Pemprov Kalsel Tunggu Instruksi Pusat, Efisiensi Anggaran 2025 Tertahan?

- Penulis

Jumat, 7 Februari 2025 - 03:04 WITA

facebook twitter whatsapp telegram line copy

URL berhasil dicopy

facebook icon twitter icon whatsapp icon telegram icon line icon copy

URL berhasil dicopy

Kepala BPKAD Kalsel, Miftahul Chair saat rapat banggar bersama Pemprov Kalsel di DPRD Kalsel, beberapa waktu lalu. Salah satunya membicarakan anggaran perjalanan dinas.

Kepala BPKAD Kalsel, Miftahul Chair saat rapat banggar bersama Pemprov Kalsel di DPRD Kalsel, beberapa waktu lalu. Salah satunya membicarakan anggaran perjalanan dinas.

Banjarmasin – Pemerintah Provinsi Kalimantan Selatan (Pemprov Kalsel) masih menunggu petunjuk teknis dari Kementerian Dalam Negeri (Kemendagri) untuk menindaklanjuti Instruksi Presiden (Inpres) Nomor 1 Tahun 2025 tentang Efisiensi Belanja dalam Pelaksanaan APBN dan APBD. Salah satu kebijakan utama dalam inpres tersebut adalah pemangkasan anggaran perjalanan dinas dan belanja operasional hingga 50 persen.

Kepala Badan Pengelolaan Keuangan dan Aset Daerah (BPKAD) Kalsel, Miftahul Chair, mengungkapkan bahwa Pemprov Kalsel belum bisa mengambil langkah konkret karena surat edaran resmi dari Kemendagri belum diterbitkan.

“Kami masih menunggu surat dari Kemendagri. Edaran dari Kementerian Keuangan sudah keluar, tetapi untuk implementasi lebih lanjut, kami menunggu petunjuk teknis dari pusat terkait besaran dan mekanisme pemotongan,” ujarnya, Kamis (6/2).

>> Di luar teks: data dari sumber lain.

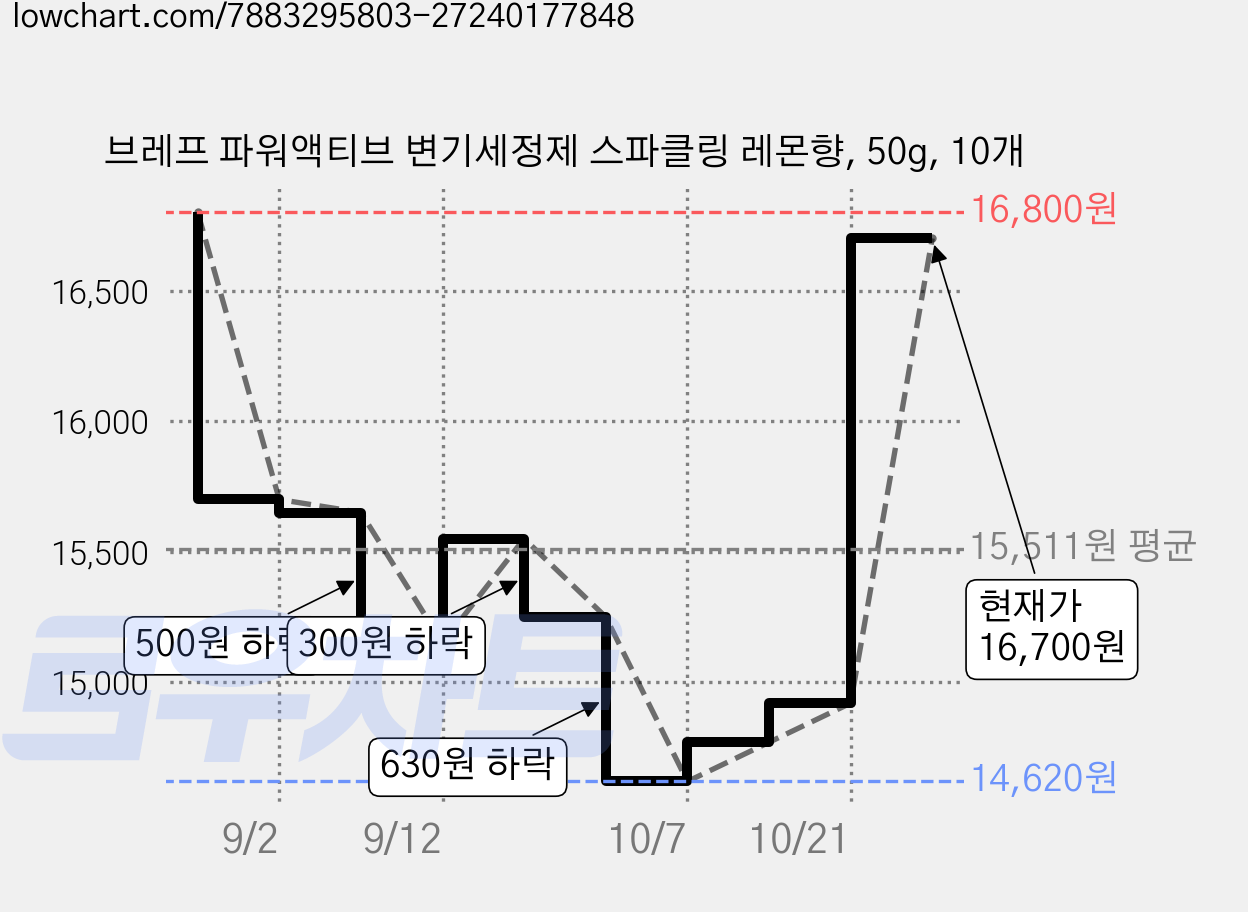 브레프 파워액티브 변기세정제 스파클링 레몬향, 50g, 10개 가격 변동 차트, 현재가 16,700원, 관측 최저가 14,620원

Sebelumnya, Pemprov Kalsel telah melakukan rasionalisasi anggaran dengan memangkas perjalanan dinas sebesar 30 persen pada akhir 2024. Dengan kebijakan efisiensi terbaru dari pemerintah pusat yang menetapkan pemotongan 50 persen, pemprov hanya perlu memangkas tambahan 20 persen.

Plt Kepala Bidang Anggaran BPKAD Kalsel, Adya Ferina, menyebutkan bahwa pemprov tetap mempertimbangkan perjalanan dinas yang berkaitan dengan investasi dan promosi daerah agar tidak menghambat program strategis.

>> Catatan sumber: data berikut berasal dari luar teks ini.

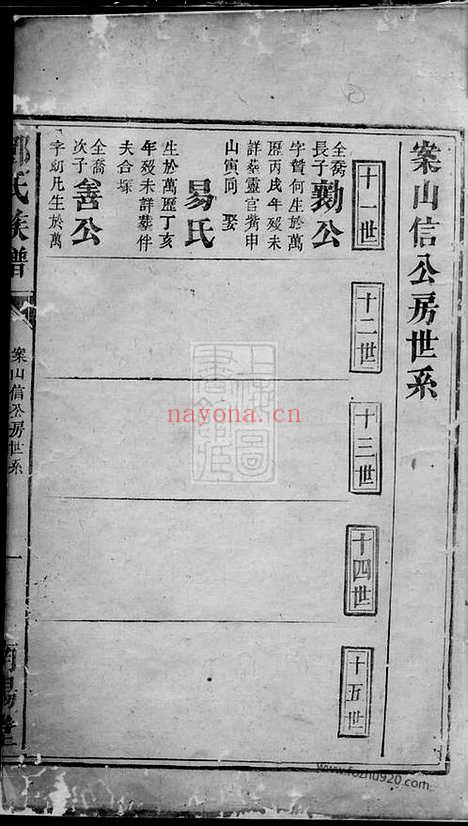 【邓氏族谱】不分卷_N3043.pdf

“Untuk perjalanan yang berkaitan dengan investasi dan promosi daerah, kami tetap mempertimbangkan anggarannya agar tetap efektif,” katanya.

Selain menyesuaikan kebijakan efisiensi, Gubernur Kalsel Muhidin menegaskan akan memperketat pemberian dana hibah, terutama kepada organisasi kemasyarakatan dan LSM. Menurutnya, hibah harus sesuai aturan dan memiliki dampak nyata bagi pembangunan daerah.

Baca Juga:  Sekretaris Daerah Kalsel Ekspor Perdana Porang Asal Balangan ke Jepang

“Dana hibah tidak hanya untuk kepentingan rakyat, tetapi juga harus berdampak pada pembangunan daerah. Akan dievaluasi,” tegas Muhidin.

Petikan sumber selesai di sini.